Diaz-Torres Carlos Julian, Abanto Hinostroza Ricardo
Instituto Nacional de Salud del Niño San Borja, Lima, Perú.
Andes Pediatr. 2024 Jun;95(3):297-302. doi: 10.32641/andespediatr.v95i3.4824. Epub 2024 Apr 14.
Burkitt lymphoma is a non-Hodgkin B-cell lymphoma with a high prevalence in the pediatric population. Abdominal manifestations are well known in sporadic Burkitt lymphoma and vary from nonspecific symptoms to intestinal obstruction due to intussusception; however, mass-like splenic involvement has been scarcely described.
To present a case of a patient with a splenic mass whose histopathological analysis revealed Burkitt lymphoma.
A 13-year-old female patient presented with abdominal pain, progressive weight loss, and fever. Imaging studies showed a splenic mass, intestinal thickening, and ileal intussusception. Histopathological analysis of spleen biopsy revealed Burkitt lymphoma. After the first cycle of chemotherapy (BFM95-NHL protocol), abdominal symptoms resolved; no other signs suggestive of intussusception were observed, as well as a significant reduction of the splenic mass was observed.
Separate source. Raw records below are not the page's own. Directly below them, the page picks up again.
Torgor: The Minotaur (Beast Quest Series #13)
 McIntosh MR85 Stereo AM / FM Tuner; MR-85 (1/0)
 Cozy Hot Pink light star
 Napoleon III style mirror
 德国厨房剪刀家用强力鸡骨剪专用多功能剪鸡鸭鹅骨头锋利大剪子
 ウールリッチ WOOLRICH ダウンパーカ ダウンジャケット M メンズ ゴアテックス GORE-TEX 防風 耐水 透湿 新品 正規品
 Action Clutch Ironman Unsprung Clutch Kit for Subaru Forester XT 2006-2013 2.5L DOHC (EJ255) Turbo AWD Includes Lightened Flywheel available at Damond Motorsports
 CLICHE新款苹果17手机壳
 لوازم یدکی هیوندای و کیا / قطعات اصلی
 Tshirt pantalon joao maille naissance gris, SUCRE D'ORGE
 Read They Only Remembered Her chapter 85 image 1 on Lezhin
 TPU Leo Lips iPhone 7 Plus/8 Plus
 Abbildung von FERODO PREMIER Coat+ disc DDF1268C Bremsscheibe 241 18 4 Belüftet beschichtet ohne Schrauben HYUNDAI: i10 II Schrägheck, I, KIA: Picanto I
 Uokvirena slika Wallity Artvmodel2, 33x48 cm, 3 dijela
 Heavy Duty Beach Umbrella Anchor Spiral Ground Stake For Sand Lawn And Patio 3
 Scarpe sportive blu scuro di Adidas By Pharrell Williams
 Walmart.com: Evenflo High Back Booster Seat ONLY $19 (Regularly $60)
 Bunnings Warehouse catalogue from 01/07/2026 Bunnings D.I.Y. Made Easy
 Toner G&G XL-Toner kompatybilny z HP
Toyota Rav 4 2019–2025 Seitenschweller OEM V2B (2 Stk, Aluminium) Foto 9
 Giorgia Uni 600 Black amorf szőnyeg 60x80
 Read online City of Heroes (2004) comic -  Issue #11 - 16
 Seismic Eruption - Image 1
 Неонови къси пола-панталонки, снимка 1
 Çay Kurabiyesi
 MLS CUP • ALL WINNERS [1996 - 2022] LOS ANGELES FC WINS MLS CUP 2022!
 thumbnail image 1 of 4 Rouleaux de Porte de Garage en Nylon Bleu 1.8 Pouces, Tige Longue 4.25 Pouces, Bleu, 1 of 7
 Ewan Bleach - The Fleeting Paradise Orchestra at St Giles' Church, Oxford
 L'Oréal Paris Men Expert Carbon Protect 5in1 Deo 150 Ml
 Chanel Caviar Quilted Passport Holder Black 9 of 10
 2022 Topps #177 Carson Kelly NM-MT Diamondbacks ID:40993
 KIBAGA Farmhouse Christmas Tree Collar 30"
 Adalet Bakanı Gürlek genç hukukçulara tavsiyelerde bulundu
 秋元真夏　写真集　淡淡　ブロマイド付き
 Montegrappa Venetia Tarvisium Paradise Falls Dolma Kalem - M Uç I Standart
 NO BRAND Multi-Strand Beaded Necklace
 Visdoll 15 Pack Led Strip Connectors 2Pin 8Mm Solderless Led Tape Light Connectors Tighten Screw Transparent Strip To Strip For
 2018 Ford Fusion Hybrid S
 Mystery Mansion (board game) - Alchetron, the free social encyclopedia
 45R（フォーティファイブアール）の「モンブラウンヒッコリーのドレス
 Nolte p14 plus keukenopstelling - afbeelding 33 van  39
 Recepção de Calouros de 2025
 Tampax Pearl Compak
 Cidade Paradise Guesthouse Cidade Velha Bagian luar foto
Burkitt lymphoma in pediatric patients can present as a well-defined splenic tumor, causing no splenomegaly. In addition, its management does not require surgery since it can be resolved with chemotherapy.
伯基特淋巴瘤是一种非霍奇金B细胞淋巴瘤,在儿科人群中患病率较高。散发性伯基特淋巴瘤的腹部表现众所周知,从非特异性症状到因肠套叠导致的肠梗阻不等;然而,类似肿块的脾脏受累情况鲜有描述。
报告一例脾脏肿块患者,其组织病理学分析显示为伯基特淋巴瘤。
一名13岁女性患者出现腹痛、进行性体重减轻和发热。影像学检查显示脾脏肿块、肠壁增厚和回肠套叠。脾脏活检的组织病理学分析显示为伯基特淋巴瘤。在第一个化疗周期(BFM95-NHL方案)后,腹部症状缓解;未观察到其他提示肠套叠的体征,脾脏肿块也显著缩小。
儿科患者的伯基特淋巴瘤可表现为边界清晰的脾脏肿瘤,不引起脾肿大。此外,由于化疗可使其缓解,因此其治疗无需手术。